#### YOUR OBJECTIVE:
Some of the lines below need repeating. Reproduce exactly those between the lines holding "CAMISETA UV FEMININA ROSA - Imagem 1" and "Fort Bragg Veterans", inclusive.

#### EXERCISE MATERIAL:
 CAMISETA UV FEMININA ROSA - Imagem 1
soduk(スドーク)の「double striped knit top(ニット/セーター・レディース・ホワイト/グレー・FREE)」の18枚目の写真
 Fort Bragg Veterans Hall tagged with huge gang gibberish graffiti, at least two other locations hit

--

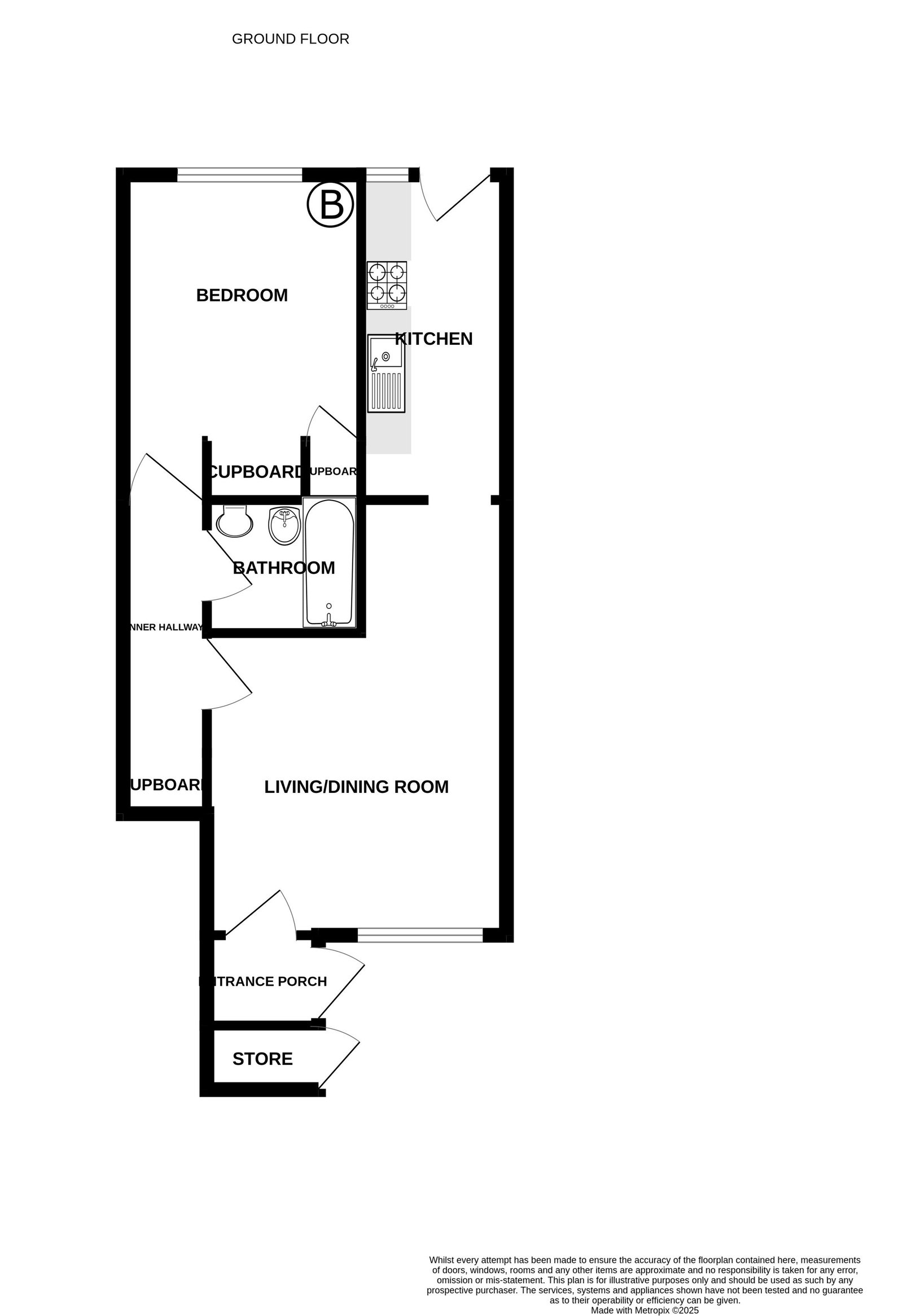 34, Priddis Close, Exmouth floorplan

#### EXPECTED ANSWER:
 CAMISETA UV FEMININA ROSA - Imagem 1
soduk(スドーク)の「double striped knit top(ニット/セーター・レディース・ホワイト/グレー・FREE)」の18枚目の写真
 Fort Bragg Veterans Hall tagged with huge gang gibberish graffiti, at least two other locations hit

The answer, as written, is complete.